§ **Your assignment**:
Your answer must be the listing, given again word for word.

§ **Dataset content**:
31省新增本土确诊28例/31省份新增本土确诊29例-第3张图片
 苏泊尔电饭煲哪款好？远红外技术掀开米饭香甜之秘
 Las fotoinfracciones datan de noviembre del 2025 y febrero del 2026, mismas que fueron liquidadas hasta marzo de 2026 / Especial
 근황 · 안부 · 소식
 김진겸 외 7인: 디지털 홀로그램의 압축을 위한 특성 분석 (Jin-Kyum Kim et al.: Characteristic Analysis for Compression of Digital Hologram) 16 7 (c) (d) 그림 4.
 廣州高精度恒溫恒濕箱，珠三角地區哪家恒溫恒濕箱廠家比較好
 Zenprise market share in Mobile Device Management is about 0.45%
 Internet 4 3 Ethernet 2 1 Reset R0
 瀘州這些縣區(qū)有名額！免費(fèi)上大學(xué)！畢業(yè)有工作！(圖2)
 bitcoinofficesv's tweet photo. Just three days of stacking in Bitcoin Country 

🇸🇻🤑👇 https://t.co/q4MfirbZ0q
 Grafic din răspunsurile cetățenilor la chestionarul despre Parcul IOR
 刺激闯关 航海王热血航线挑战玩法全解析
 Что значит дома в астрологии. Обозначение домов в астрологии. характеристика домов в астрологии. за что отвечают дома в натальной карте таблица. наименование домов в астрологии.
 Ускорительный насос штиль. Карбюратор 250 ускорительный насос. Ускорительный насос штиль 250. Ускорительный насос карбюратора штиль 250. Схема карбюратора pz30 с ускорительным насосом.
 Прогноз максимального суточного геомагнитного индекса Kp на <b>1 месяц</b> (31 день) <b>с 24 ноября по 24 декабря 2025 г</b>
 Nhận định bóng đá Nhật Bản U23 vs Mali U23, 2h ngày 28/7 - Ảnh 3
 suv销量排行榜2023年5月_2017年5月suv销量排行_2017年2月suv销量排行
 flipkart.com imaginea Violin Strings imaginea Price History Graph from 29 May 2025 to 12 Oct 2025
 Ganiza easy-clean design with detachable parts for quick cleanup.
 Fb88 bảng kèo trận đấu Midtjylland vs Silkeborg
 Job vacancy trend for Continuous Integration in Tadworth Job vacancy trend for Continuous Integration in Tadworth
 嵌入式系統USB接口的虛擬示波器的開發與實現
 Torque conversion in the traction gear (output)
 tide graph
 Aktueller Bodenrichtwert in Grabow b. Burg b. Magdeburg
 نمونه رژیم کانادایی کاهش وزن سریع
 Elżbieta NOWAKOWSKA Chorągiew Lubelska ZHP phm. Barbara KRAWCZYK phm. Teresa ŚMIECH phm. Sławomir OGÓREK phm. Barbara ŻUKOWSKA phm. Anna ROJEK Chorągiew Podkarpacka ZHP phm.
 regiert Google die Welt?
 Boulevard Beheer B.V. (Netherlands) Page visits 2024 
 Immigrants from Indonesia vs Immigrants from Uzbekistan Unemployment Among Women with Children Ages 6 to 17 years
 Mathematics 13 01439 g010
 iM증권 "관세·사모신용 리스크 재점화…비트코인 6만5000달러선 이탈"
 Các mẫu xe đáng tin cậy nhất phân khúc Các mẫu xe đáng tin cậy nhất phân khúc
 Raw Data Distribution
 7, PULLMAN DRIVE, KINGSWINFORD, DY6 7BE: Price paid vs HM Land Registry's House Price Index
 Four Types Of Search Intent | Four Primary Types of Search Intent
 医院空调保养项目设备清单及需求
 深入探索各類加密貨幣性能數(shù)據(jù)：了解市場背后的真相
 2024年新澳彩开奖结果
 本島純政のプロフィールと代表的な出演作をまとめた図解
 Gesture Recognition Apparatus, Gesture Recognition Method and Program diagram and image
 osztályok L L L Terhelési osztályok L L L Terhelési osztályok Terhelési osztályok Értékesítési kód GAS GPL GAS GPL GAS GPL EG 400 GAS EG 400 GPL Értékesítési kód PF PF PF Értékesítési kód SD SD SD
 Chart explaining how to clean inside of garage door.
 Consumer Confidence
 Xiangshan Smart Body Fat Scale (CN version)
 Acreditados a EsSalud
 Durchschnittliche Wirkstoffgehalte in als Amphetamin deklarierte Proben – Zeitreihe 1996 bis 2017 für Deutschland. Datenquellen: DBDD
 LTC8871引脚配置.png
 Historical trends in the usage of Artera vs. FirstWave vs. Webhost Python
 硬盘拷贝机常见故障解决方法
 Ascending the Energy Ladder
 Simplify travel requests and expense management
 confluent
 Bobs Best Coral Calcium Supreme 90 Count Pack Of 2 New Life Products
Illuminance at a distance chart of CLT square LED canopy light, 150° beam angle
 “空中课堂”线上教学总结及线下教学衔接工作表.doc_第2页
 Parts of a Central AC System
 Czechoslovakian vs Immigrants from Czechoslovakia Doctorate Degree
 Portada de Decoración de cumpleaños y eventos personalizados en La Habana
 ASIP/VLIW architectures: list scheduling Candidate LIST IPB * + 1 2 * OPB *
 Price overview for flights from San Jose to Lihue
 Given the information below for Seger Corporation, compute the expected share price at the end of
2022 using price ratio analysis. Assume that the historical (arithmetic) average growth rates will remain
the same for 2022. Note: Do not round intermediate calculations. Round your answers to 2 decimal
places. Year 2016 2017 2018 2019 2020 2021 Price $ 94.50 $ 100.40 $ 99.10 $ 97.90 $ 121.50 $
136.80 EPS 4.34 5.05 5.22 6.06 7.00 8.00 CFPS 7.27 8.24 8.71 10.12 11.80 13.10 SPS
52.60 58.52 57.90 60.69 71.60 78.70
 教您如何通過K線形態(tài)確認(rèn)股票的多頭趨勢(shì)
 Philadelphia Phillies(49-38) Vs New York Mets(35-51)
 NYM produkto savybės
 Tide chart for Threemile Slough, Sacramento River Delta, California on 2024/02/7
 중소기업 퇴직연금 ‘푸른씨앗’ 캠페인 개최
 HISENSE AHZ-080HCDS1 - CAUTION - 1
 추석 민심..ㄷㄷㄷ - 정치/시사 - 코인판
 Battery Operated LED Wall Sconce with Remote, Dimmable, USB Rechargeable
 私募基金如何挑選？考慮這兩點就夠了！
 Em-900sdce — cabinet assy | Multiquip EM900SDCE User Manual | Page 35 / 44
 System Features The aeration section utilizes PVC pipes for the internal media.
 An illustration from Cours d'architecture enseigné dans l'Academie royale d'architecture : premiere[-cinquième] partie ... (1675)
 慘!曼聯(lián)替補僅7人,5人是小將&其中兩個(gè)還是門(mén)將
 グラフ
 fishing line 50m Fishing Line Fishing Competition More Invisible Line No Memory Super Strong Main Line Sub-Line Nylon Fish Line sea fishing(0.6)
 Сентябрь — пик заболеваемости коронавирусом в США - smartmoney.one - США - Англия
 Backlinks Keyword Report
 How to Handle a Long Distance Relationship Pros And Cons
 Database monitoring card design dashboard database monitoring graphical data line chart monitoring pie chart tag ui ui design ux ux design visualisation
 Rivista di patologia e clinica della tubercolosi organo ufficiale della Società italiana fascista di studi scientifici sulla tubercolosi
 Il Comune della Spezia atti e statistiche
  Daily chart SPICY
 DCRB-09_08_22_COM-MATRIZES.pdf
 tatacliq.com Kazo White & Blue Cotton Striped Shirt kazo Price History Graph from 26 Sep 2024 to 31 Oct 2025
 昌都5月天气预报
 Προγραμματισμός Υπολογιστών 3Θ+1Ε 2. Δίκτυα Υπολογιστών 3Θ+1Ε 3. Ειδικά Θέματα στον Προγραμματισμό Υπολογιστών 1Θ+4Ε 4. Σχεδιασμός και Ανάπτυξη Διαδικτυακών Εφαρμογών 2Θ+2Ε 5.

§ **Your solution**:
31省新增本土确诊28例/31省份新增本土确诊29例-第3张图片
 苏泊尔电饭煲哪款好？远红外技术掀开米饭香甜之秘
 Las fotoinfracciones datan de noviembre del 2025 y febrero del 2026, mismas que fueron liquidadas hasta marzo de 2026 / Especial
 근황 · 안부 · 소식
 김진겸 외 7인: 디지털 홀로그램의 압축을 위한 특성 분석 (Jin-Kyum Kim et al.: Characteristic Analysis for Compression of Digital Hologram) 16 7 (c) (d) 그림 4.
 廣州高精度恒溫恒濕箱，珠三角地區哪家恒溫恒濕箱廠家比較好
 Zenprise market share in Mobile Device Management is about 0.45%
 Internet 4 3 Ethernet 2 1 Reset R0
 瀘州這些縣區(qū)有名額！免費(fèi)上大學(xué)！畢業(yè)有工作！(圖2)
 bitcoinofficesv's tweet photo. Just three days of stacking in Bitcoin Country 

🇸🇻🤑👇 https://t.co/q4MfirbZ0q
 Grafic din răspunsurile cetățenilor la chestionarul despre Parcul IOR
 刺激闯关 航海王热血航线挑战玩法全解析
 Что значит дома в астрологии. Обозначение домов в астрологии. характеристика домов в астрологии. за что отвечают дома в натальной карте таблица. наименование домов в астрологии.
 Ускорительный насос штиль. Карбюратор 250 ускорительный насос. Ускорительный насос штиль 250. Ускорительный насос карбюратора штиль 250. Схема карбюратора pz30 с ускорительным насосом.
 Прогноз максимального суточного геомагнитного индекса Kp на <b>1 месяц</b> (31 день) <b>с 24 ноября по 24 декабря 2025 г</b>
 Nhận định bóng đá Nhật Bản U23 vs Mali U23, 2h ngày 28/7 - Ảnh 3
 suv销量排行榜2023年5月_2017年5月suv销量排行_2017年2月suv销量排行
 flipkart.com imaginea Violin Strings imaginea Price History Graph from 29 May 2025 to 12 Oct 2025
 Ganiza easy-clean design with detachable parts for quick cleanup.
 Fb88 bảng kèo trận đấu Midtjylland vs Silkeborg
 Job vacancy trend for Continuous Integration in Tadworth Job vacancy trend for Continuous Integration in Tadworth
 嵌入式系統USB接口的虛擬示波器的開發與實現
 Torque conversion in the traction gear (output)
 tide graph
 Aktueller Bodenrichtwert in Grabow b. Burg b. Magdeburg
 نمونه رژیم کانادایی کاهش وزن سریع
 Elżbieta NOWAKOWSKA Chorągiew Lubelska ZHP phm. Barbara KRAWCZYK phm. Teresa ŚMIECH phm. Sławomir OGÓREK phm. Barbara ŻUKOWSKA phm. Anna ROJEK Chorągiew Podkarpacka ZHP phm.
 regiert Google die Welt?
 Boulevard Beheer B.V. (Netherlands) Page visits 2024 
 Immigrants from Indonesia vs Immigrants from Uzbekistan Unemployment Among Women with Children Ages 6 to 17 years
 Mathematics 13 01439 g010
 iM증권 "관세·사모신용 리스크 재점화…비트코인 6만5000달러선 이탈"
 Các mẫu xe đáng tin cậy nhất phân khúc Các mẫu xe đáng tin cậy nhất phân khúc
 Raw Data Distribution
 7, PULLMAN DRIVE, KINGSWINFORD, DY6 7BE: Price paid vs HM Land Registry's House Price Index
 Four Types Of Search Intent | Four Primary Types of Search Intent
 医院空调保养项目设备清单及需求
 深入探索各類加密貨幣性能數(shù)據(jù)：了解市場背后的真相
 2024年新澳彩开奖结果
 本島純政のプロフィールと代表的な出演作をまとめた図解
 Gesture Recognition Apparatus, Gesture Recognition Method and Program diagram and image
 osztályok L L L Terhelési osztályok L L L Terhelési osztályok Terhelési osztályok Értékesítési kód GAS GPL GAS GPL GAS GPL EG 400 GAS EG 400 GPL Értékesítési kód PF PF PF Értékesítési kód SD SD SD
 Chart explaining how to clean inside of garage door.
 Consumer Confidence
 Xiangshan Smart Body Fat Scale (CN version)
 Acreditados a EsSalud
 Durchschnittliche Wirkstoffgehalte in als Amphetamin deklarierte Proben – Zeitreihe 1996 bis 2017 für Deutschland. Datenquellen: DBDD
 LTC8871引脚配置.png
 Historical trends in the usage of Artera vs. FirstWave vs. Webhost Python
 硬盘拷贝机常见故障解决方法
 Ascending the Energy Ladder
 Simplify travel requests and expense management
 confluent
 Bobs Best Coral Calcium Supreme 90 Count Pack Of 2 New Life Products
Illuminance at a distance chart of CLT square LED canopy light, 150° beam angle
 “空中课堂”线上教学总结及线下教学衔接工作表.doc_第2页
 Parts of a Central AC System
 Czechoslovakian vs Immigrants from Czechoslovakia Doctorate Degree
 Portada de Decoración de cumpleaños y eventos personalizados en La Habana
 ASIP/VLIW architectures: list scheduling Candidate LIST IPB * + 1 2 * OPB *
 Price overview for flights from San Jose to Lihue
 Given the information below for Seger Corporation, compute the expected share price at the end of
2022 using price ratio analysis. Assume that the historical (arithmetic) average growth rates will remain
the same for 2022. Note: Do not round intermediate calculations. Round your answers to 2 decimal
places. Year 2016 2017 2018 2019 2020 2021 Price $ 94.50 $ 100.40 $ 99.10 $ 97.90 $ 121.50 $
136.80 EPS 4.34 5.05 5.22 6.06 7.00 8.00 CFPS 7.27 8.24 8.71 10.12 11.80 13.10 SPS
52.60 58.52 57.90 60.69 71.60 78.70
 教您如何通過K線形態(tài)確認(rèn)股票的多頭趨勢(shì)
 Philadelphia Phillies(49-38) Vs New York Mets(35-51)
 NYM produkto savybės
 Tide chart for Threemile Slough, Sacramento River Delta, California on 2024/02/7
 중소기업 퇴직연금 ‘푸른씨앗’ 캠페인 개최
 HISENSE AHZ-080HCDS1 - CAUTION - 1
 추석 민심..ㄷㄷㄷ - 정치/시사 - 코인판
 Battery Operated LED Wall Sconce with Remote, Dimmable, USB Rechargeable
 私募基金如何挑選？考慮這兩點就夠了！
 Em-900sdce — cabinet assy | Multiquip EM900SDCE User Manual | Page 35 / 44
 System Features The aeration section utilizes PVC pipes for the internal media.
 An illustration from Cours d'architecture enseigné dans l'Academie royale d'architecture : premiere[-cinquième] partie ... (1675)
 慘!曼聯(lián)替補僅7人,5人是小將&其中兩個(gè)還是門(mén)將
 グラフ
 fishing line 50m Fishing Line Fishing Competition More Invisible Line No Memory Super Strong Main Line Sub-Line Nylon Fish Line sea fishing(0.6)
 Сентябрь — пик заболеваемости коронавирусом в США - smartmoney.one - США - Англия
 Backlinks Keyword Report
 How to Handle a Long Distance Relationship Pros And Cons
 Database monitoring card design dashboard database monitoring graphical data line chart monitoring pie chart tag ui ui design ux ux design visualisation
 Rivista di patologia e clinica della tubercolosi organo ufficiale della Società italiana fascista di studi scientifici sulla tubercolosi
 Il Comune della Spezia atti e statistiche
  Daily chart SPICY
 DCRB-09_08_22_COM-MATRIZES.pdf
 tatacliq.com Kazo White & Blue Cotton Striped Shirt kazo Price History Graph from 26 Sep 2024 to 31 Oct 2025
 昌都5月天气预报
 Προγραμματισμός Υπολογιστών 3Θ+1Ε 2. Δίκτυα Υπολογιστών 3Θ+1Ε 3. Ειδικά Θέματα στον Προγραμματισμό Υπολογιστών 1Θ+4Ε 4. Σχεδιασμός και Ανάπτυξη Διαδικτυακών Εφαρμογών 2Θ+2Ε 5.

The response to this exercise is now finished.